Your embedded Marketo forms are about to break in Firefox. Here's a fix.
Marketo user ED and I independently discovered (see this post) that once Firefox DE upgraded to v46, embedded forms would no longer submit.
It only took me a short time to find the cause and develop a fix (though that first iteration required a patched version of forms2.js, which you don't need anymore).
Much as I like drawing things out, I'll save the gory details for a moment and give you the fix:
#MktoForms2XDIframe {
visibility: hidden;
position: absolute;
display: block !important;
}
Insert that CSS rule either in your page or in an external stylesheet. Either way, make sure to place the rule/link before you load forms2.js (or forms2.min.js if you're loading the minimized version, which you might as well BTW).
You'll want to add the rule to any page that uses Forms 2.0 embed code(s). Most people only use the embed code on an external pages and not on Marketo-hosted LPs, since Marketo LPs have native forms support (the drag-and-drop Form object in a free-form LP, for example). But it is possible to use the embed code on a Marketo LP — me being me, I've done that a few times when testing advanced tricks — and if you do use the embed code in this context and make it cross domains, it too will break.

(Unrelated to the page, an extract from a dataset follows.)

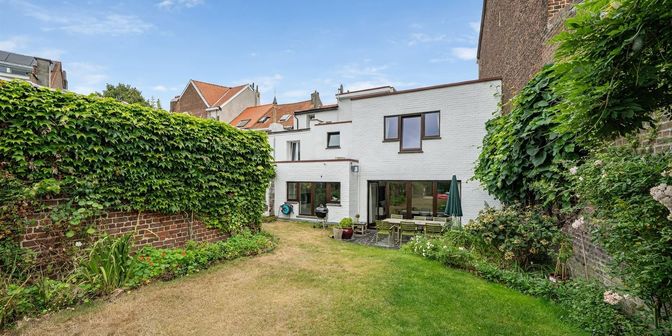 Huis te koop in 1150 Sint-Pieters-Woluwe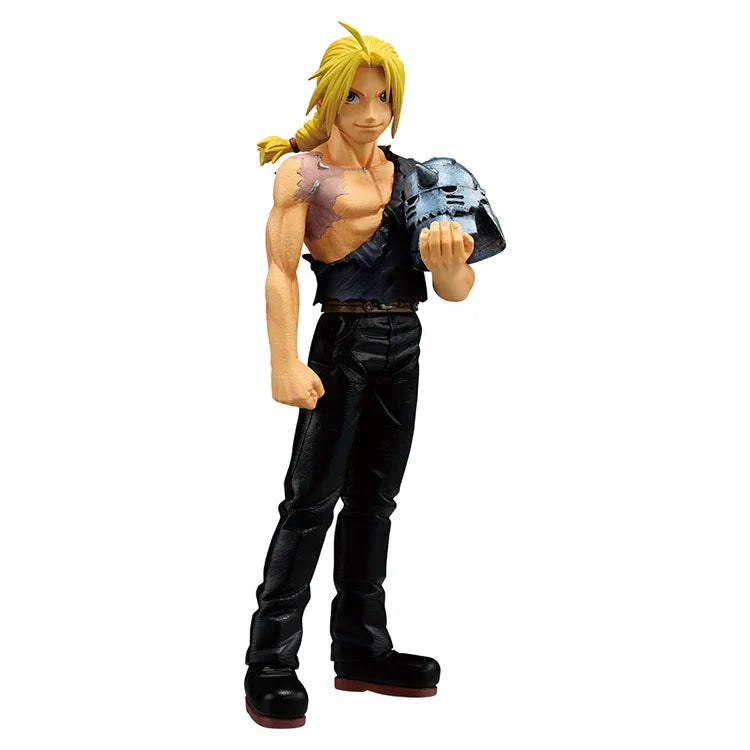 Fullmetal Alchemist Ichiban Kuji - Those who open the door (SOLD OUT)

But otherwise you don't have to worry about Marketo LPs.
With the fix out of the way and you hopefully breathing easier, here's some more detail about what broke and why.
First, understand that Firefox Developer Edition is a "technology preview" edition of Firefox that represents the browser as it will appear (give or take bug fixes) a month or two later. Check the release calendar for examples. The intent is that DE will be used by web developers who want to build for new technologies before they go live to the rest of the world. You can't roll out code to the public that requires DE-only features until that version of DE has moved through Beta (within a few weeks) and into Release (a few more weeks). But once version N becomes the Release, assume that everyone around the world will start using it that day (in reality, it'll be the next time they restart after an upgrade, but plan as if everyone restarts immediately).
So when Marketo says they "don't support Firefox DE" that isn't really the wrong position to take today, because supporting a browser version that isn't yet released can be difficult, especially if you have to build in forward and backward compatibility. The better answer, though, is "we will support it by the day of release," which I would not expect to happen without properly scary posts like this one and the companion Community post.
OK. So what broke? Firefox 46 (more accurately, Gecko 46) changed the way the venerable method Window.getComputedStyle
works when called from inside a non-displayed IFRAME or OBJECT. (Let's hold off on why there's such an IFRAME in the mix and talk about the direct cause.)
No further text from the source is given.